For many data tables, you can view a table of statistics for multiple attributes. If the table has one or more category columns, data can, optionally, be grouped by category. To open a table of statistics, right-click on a data table then select Statistics. In the window that appears, select the Table of Statistics option.

In this example, we have the initial table of statistics for a merged table that has two category columns and four numeric columns, plus an Interval Length column. However, nothing is displayed in the table because data columns have not yet been selected.

The Statistics weighting dropdown list will contain different options depending on the object being inspected. For this merged table example, the options are Un-weighted and Length-weighted.

For a block model, the options are Un-weighted, Volume-weighted and Mass-weighted. When Mass-weighted is selected, you can also specify the Density as a constant number or by referencing a data column that contains density information. There is also an Additional weighting column which allows the selection of another numeric column to use for scaling. This is especially useful for selecting a stored proportion as illustrated here:

For columns other than stored proportions, you will need to specify the Weighting unit as Decimal or Percentage depending on the content of the data column.

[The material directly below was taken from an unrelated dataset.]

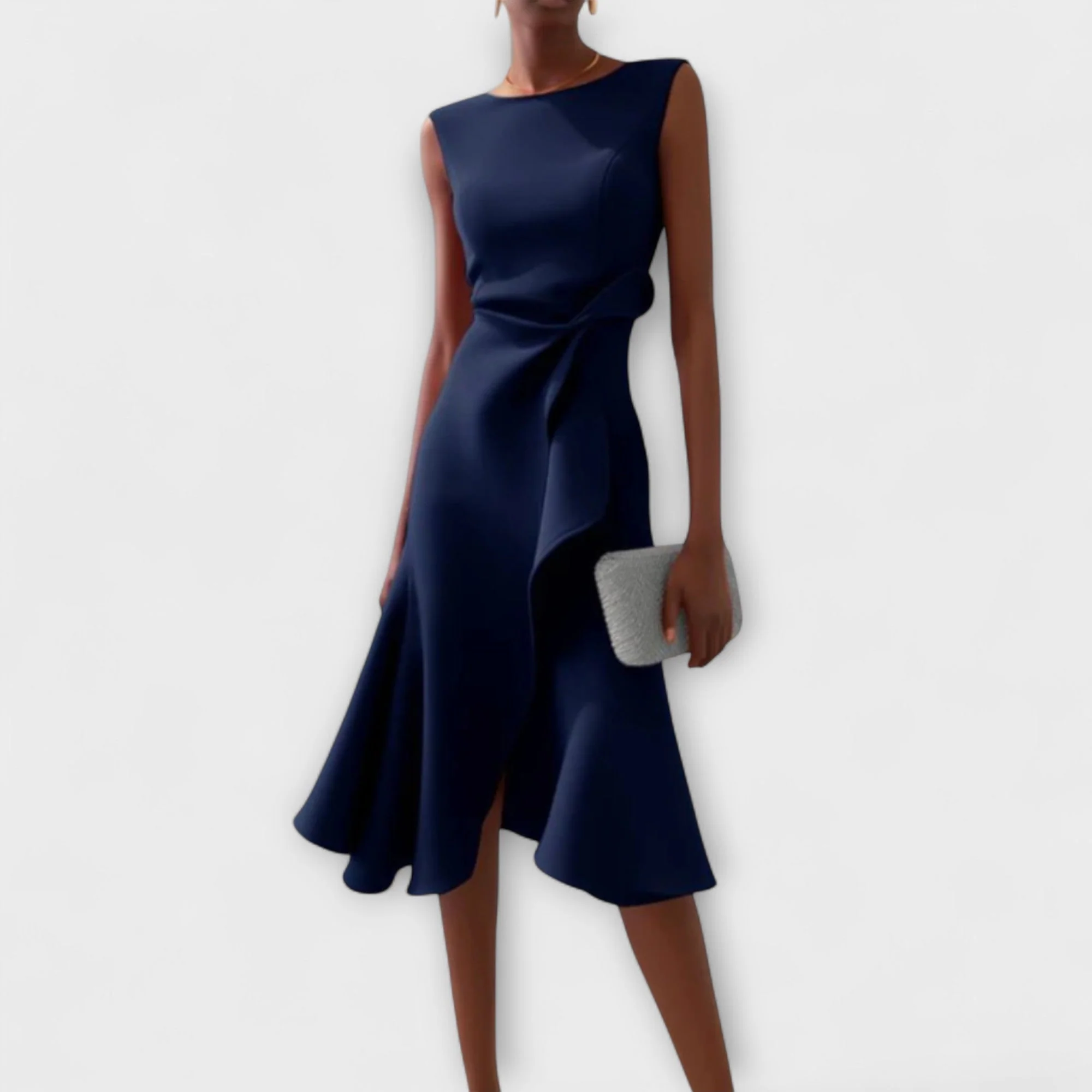 Beatrice Damen Drapiertes Asymmetrisches Midikleid - Image 6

Select from the Numeric items available for the table. In this merged table example, all columns have been selected, including the Interval Length column:

Click the Add button to select from the category columns available in the table. An entry will be added to the Categories list. Click on the arrow to select from the available category columns:

Statistics for the selected category column will be displayed in the table. You can change what categories are displayed by clicking on the second button and enabling or disabling categories:

If there is more than one category column, you can set lower levels. Here there are two category columns displayed in the table, “ROCK” and “Domain”:

You can hide empty categories (those with a count of zero) and inactive rows using the options below the Categories list:

Group by category and Group by numeric item provide further options for the table organisation. Here the Group by numeric item option has been selected:

You can filter the data using any Query filter defined for the data table. Statistics for interval tables can be unweighted or weighted by interval length.

Change the columns displayed in the table by clicking on the Edit table columns button ():

Once you have set up a table of statistics on a particular table, its settings will be saved so you can easily review the statistics and export the table using the same settings.

To export the table in CSV format, click on the Export button in the toolbar ().

Click rows to select them, and select multiple rows by holding down the Shift or Ctrl key while clicking rows. You can then copy rows by clicking the Copy button (), which allows you to copy the selected row(s) or all rows in the table.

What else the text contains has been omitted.